■ Provided material ■
_ _ _ _

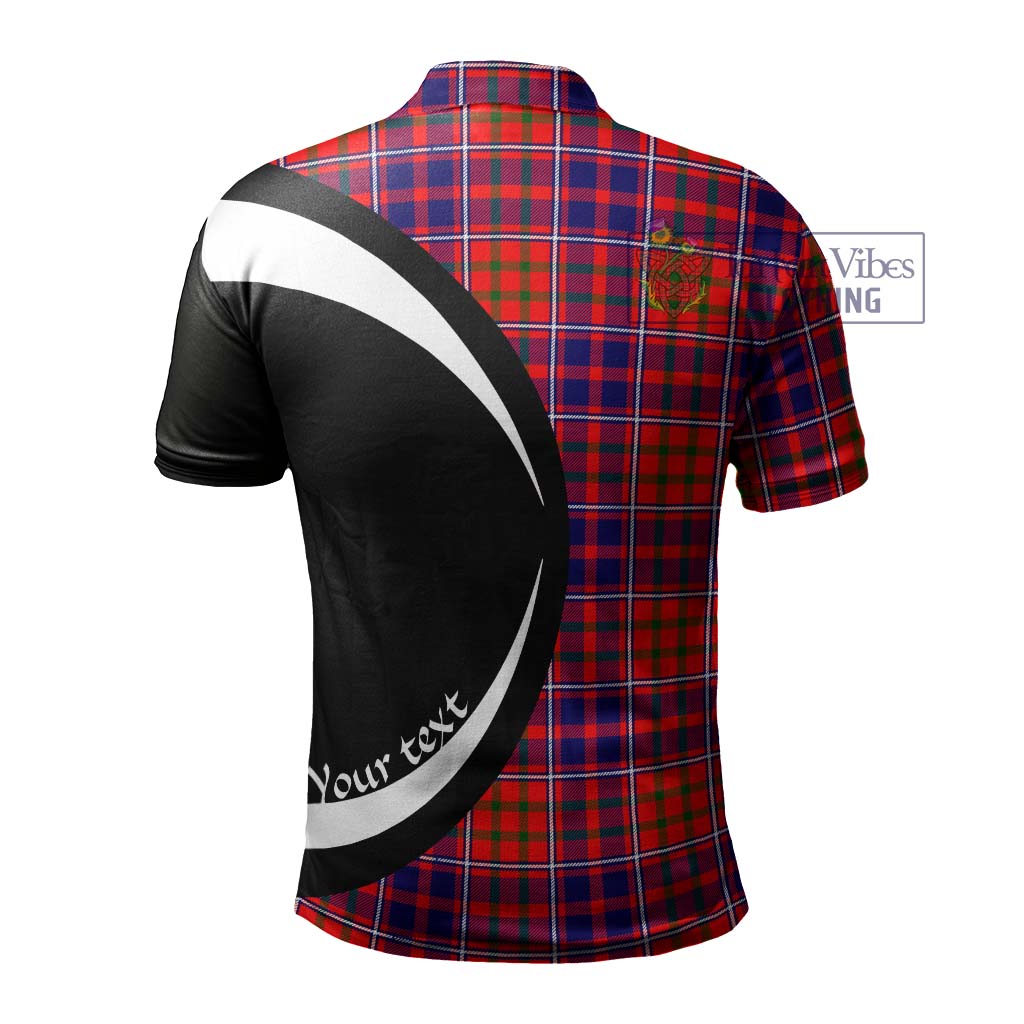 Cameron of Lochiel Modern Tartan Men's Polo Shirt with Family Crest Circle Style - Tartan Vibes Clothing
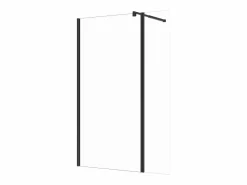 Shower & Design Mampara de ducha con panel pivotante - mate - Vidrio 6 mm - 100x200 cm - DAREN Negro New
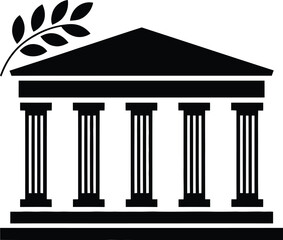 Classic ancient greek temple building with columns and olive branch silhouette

_ _ _ _

■ Work task ■
When you restate the listing above, give each line word for word but leave out every image.

■ Response below ■
 Cameron of Lochiel Modern Tartan Men's Polo Shirt with Family Crest Circle Style - Tartan Vibes Clothing
 Shower & Design Mampara de ducha con panel pivotante - mate - Vidrio 6 mm - 100x200 cm - DAREN Negro New
 Classic ancient greek temple building with columns and olive branch silhouette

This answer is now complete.